2. Log into your bank account

Some banks offer customers access to their credit scores. You may see your score listed on your statements, or you may need to log into your bank account and follow steps to access that number there. If you're not sure whether your bank provides this benefit or don't know how to access it, make a quick phone call.

3. Use a credit score service

A simple Google search of "free credit score" should bring you to services that offer access to your credit score. Sometimes, there's a catch. You may, for example, need to sign up for a credit monitoring service that starts out free but charges you after a certain time. Pay attention to the details before entering your credit card number for payment.

4. Buy your score directly

Most of the time, when we talk about credit scores, we mean FICO scores.

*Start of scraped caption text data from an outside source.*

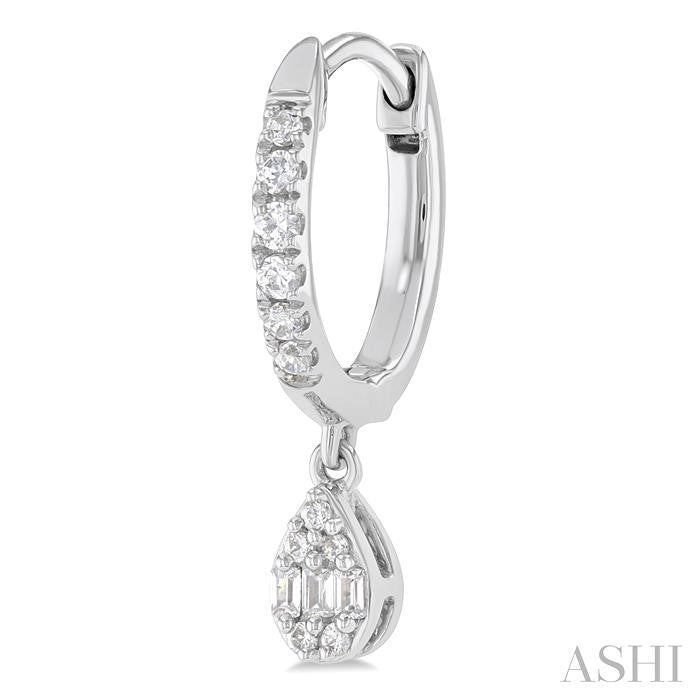 ASHI Pear Shape Fusion Petite Diamond Huggie Fashion Earrings 675W5PPTGERWG-PR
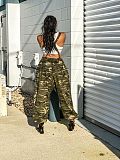 Camo Print Loose Baggy Sleeveless Cargo Jumpsuits JLY-19546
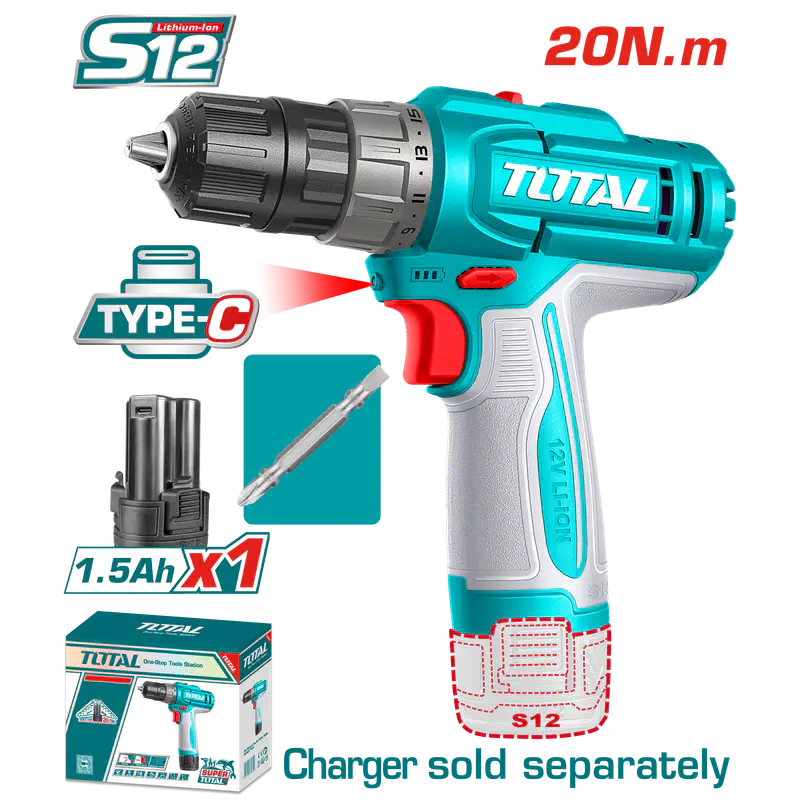 TOTAL 12V Cordless Drill Driver TDLI122061 – 20Nm Torque, 2-Speed, 15+1 Settings, USB Type-C Charging, with 1.5Ah Battery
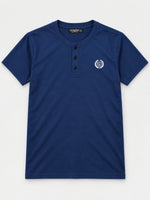 Signature Embroidered Henley Shirt - Navy Blue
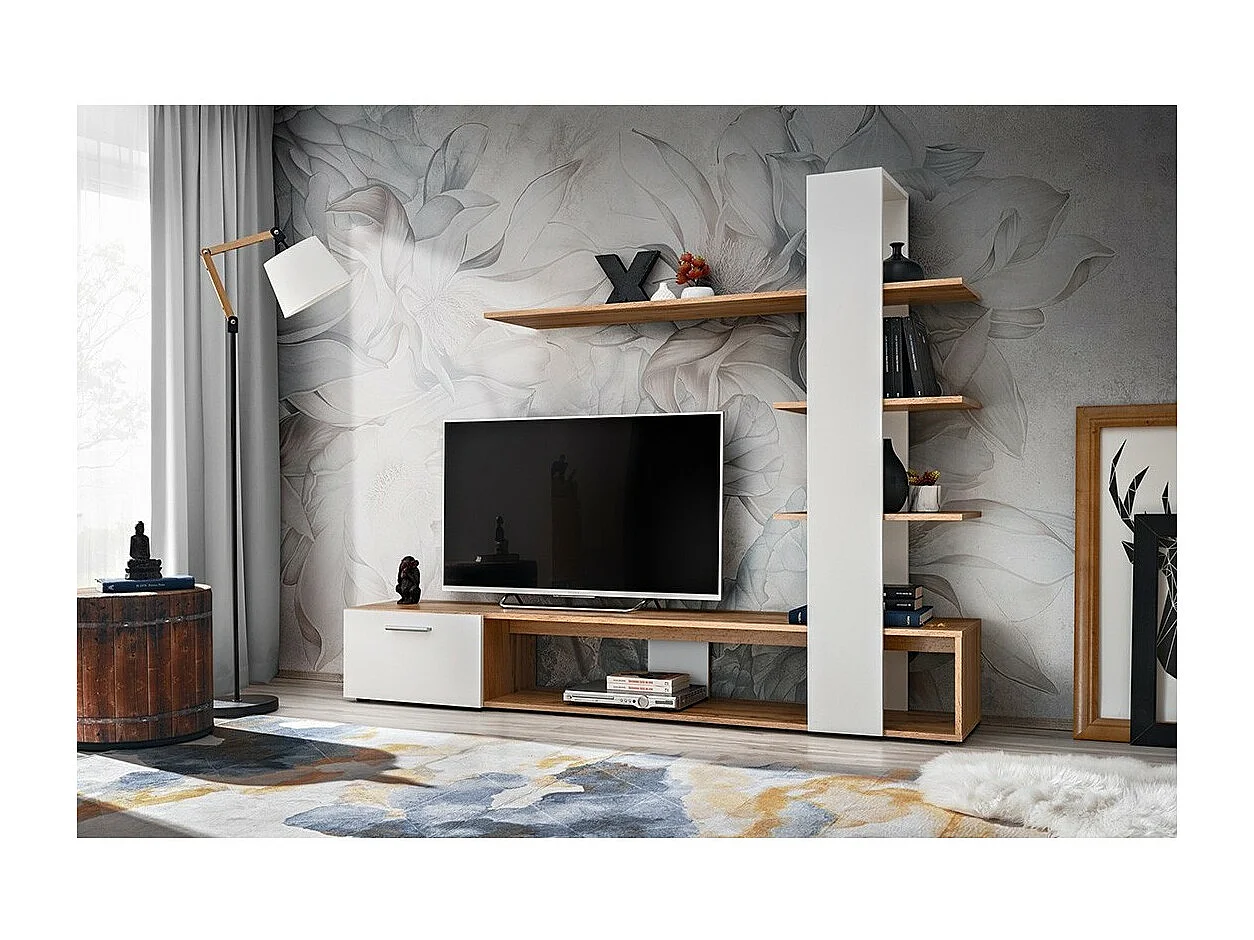Meuble TV avec bibliothèque et étagères intégrées collection CLEO. Coloris blanc et chêne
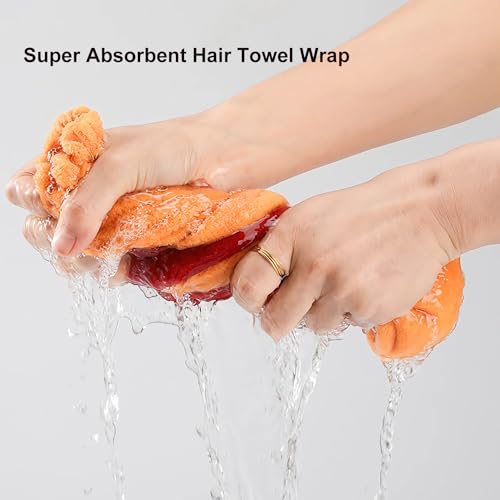 Ultra Absorbent Hair Quick Drying Towel for Women Girls New Microfiber Hair Towel Wrap Dry Turban Soft Bow Tie Plopping Head Towels Shower Cap for Kids (Red)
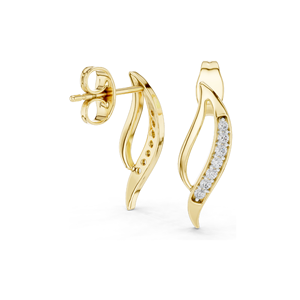 Pendientes de Diseño con Diamantes de Laboratorio de 0.14 CT, Claridad VVSVS EF, Oro de 18KT, 14KT, 10KT y Plata 925, Oro Rosa, Amarillo y Blanco - Product Image 3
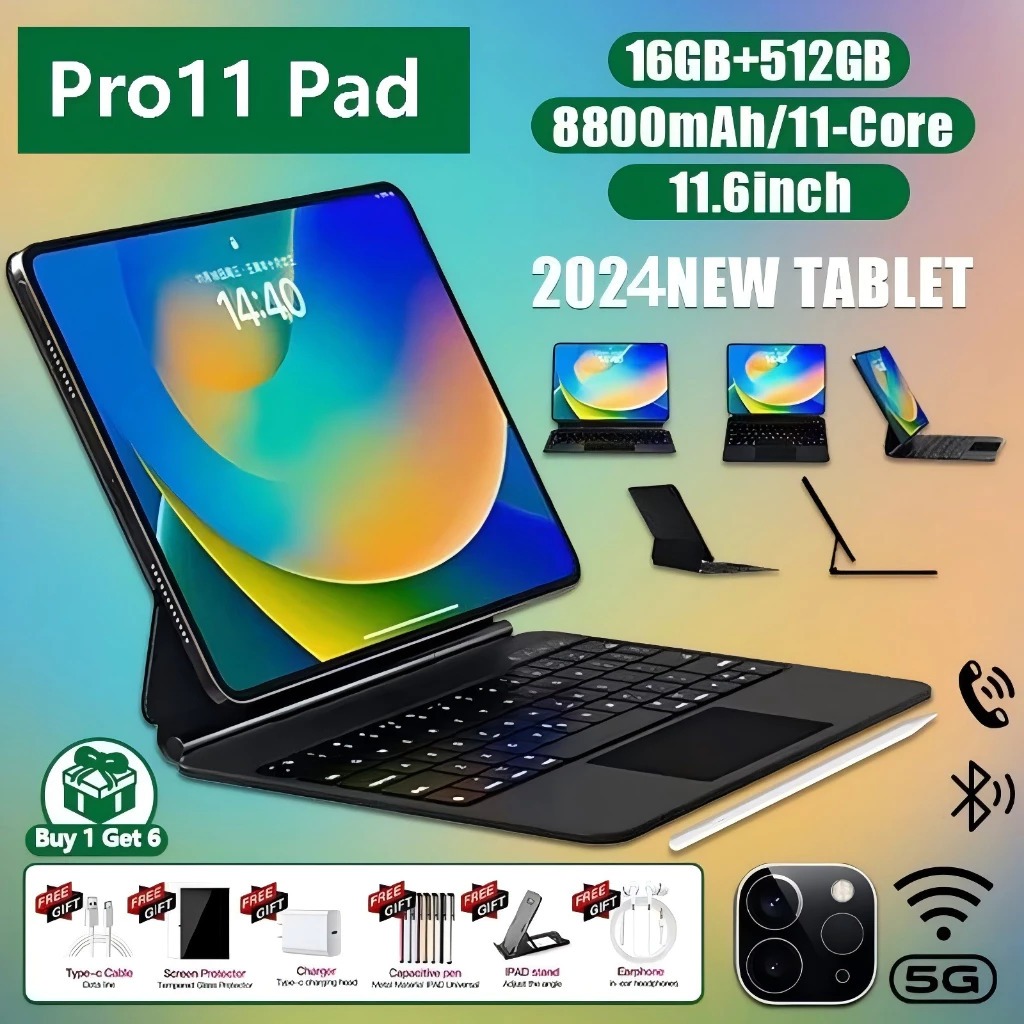 2024 Tbalet PC Pro11+12inch+16GB+512GB Tablet Android 14 Tab Murah Tablet Kantor Permainan Pro11 Tab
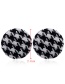 Retro White+black Round Shape Decorated Earrings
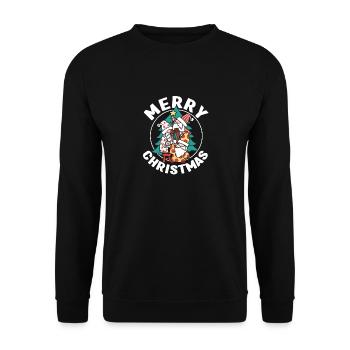 Frohe Weihnachten Gnome Matching Familie Pyjamas - Unisex Pullover - Schwarz - Vorne - Alina (178cm) & Michal (187cm)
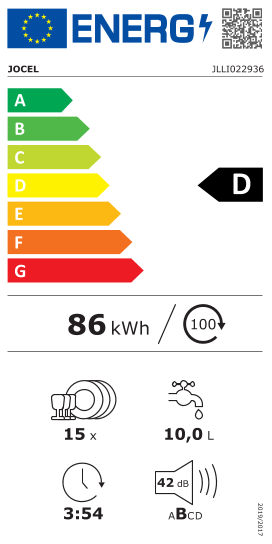 Étiquette énergie officielle UE — Jocel JLLI022936 — Classe D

And you can buy your score directly from FICO for a modest fee if you don't have a way to access it for free.

It's definitely annoying that credit reports don't contain credit scores. But it's important that you maintain access to both pieces of data. Your credit score may give you a snapshot of how well you're doing credit-wise, but it won't clue you in if a fraudulent account has been opened in your name. Similarly, your credit report might contain key details about your credit history, but knowing your score is important, too, because it tells you whether the time is right to apply for a mortgage or other type of loan.

You can access your credit report for free once a year from each of the three major credit bureaus -- Experian, Equifax, and TransUnion. And right now, credit reports are free weekly through April 2022. If you can find a way to get your credit score for free, you'll have a more complete picture of your financial health without having to spend a dime. But even if you do have to spend a little, it may be more than worth it.